Chile ya no es un país joven. Hoy, una de cada tres personas tiene más de 50 años, y casi el 20 % de la población supera los 60. En solo 25 años, serán más de siete millones. Esta transformación demográfica es también una transformación estructural, que tensiona el sistema de pensiones, el mercado laboral, la salud y la productividad.

Pero sobre todo, exige una pregunta clave: ¿Cómo adaptamos el trabajo a una vida más larga y diversa?
La respuesta no puede seguir siendo la misma. En un país donde las tasas de natalidad siguen cayendo y la esperanza de vida supera los 80 años, las empresas enfrentan un dilema estratégico: seguir operando con lógicas pensadas para un ciclo laboral corto, o rediseñar sus estructuras para retener y potenciar a un talento que, lejos de estar obsoleto, está disponible y con más experiencia que nunca.
El modelo actual no cierra. Se estima que las organizaciones demoran cerca de 18 meses en recuperar la inversión de contratar y formar a una persona nueva. Sin embargo, las nuevas generaciones permanecen, en promedio, menos de dos años en sus puestos. Esa rotación constante es difícil de absorber, especialmente cuando cada año entran menos jóvenes al mercado laboral.

Pese a ello, la participación laboral de personas mayores de 50 años sigue siendo baja. Persisten barreras estructurales: edadismo, brechas digitales, esquemas de retiro inflexibles y estereotipos que asocian edad con baja productividad.
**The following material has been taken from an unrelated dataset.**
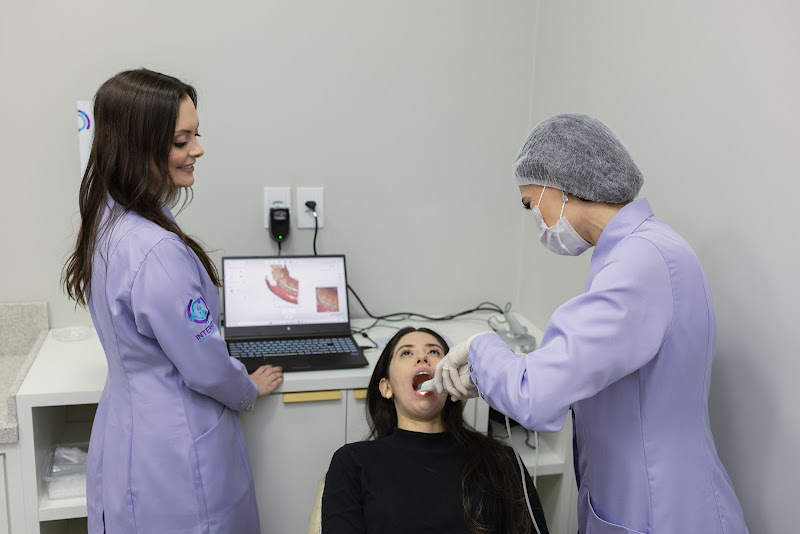 Foto 2 de Interativa Radiologia Odontológica Digital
Pero la realidad es otra: muchas personas mayores de 60 quieren seguir activas laboralmente, emprender, aportar, reinventarse. El problema no es su falta de interés. Es la falta de oportunidades. La pregunta no es si podemos seguir excluyendo talento senior. Es si podemos darnos el lujo de hacerlo.
Rediseñar el trabajo en una sociedad longeva no es solo ajustar la edad de jubilación. Es pensar en trayectorias laborales más diversas, sistemas de aprendizaje continuo, espacios laborales intergeneracionales, flexibles y saludables. Es entender que la experiencia no es un costo, sino un activo competitivo. Y que perderla por razones presupuestarias puede ser, paradójicamente, más costoso en el largo plazo.

La transformación no es solo económica: es cultural. Se necesitan políticas que integren, empresas que apuesten por la diversidad etaria, tecnología que acompañe la inclusión y una narrativa que deje de romantizar la juventud como único motor de innovación. Países como Japón o Reino Unido ya lo entendieron: combatir la soledad, facilitar la reinvención y diseñar sistemas laborales inclusivos es una apuesta por el crecimiento, no por la nostalgia
En Chile, donde la edad promedio para emprender es de 43 años, impulsar el emprendimiento senior puede ser una vía concreta de innovación, transferencia de conocimiento y dinamismo económico. Y mientras la inteligencia artificial redefine tareas a una velocidad sin precedentes, el juicio, la experiencia y la resiliencia del talento senior son más necesarios que nunca.

El envejecimiento no es una crisis. Es una realidad. Y como toda realidad estructural, exige rediseño, no adaptación superficial.
La decisión está sobre la mesa: seguir operando con estructuras laborales pensadas para un país joven que ya no existe, o construir una economía que valore la experiencia como motor de productividad, cohesión y futuro.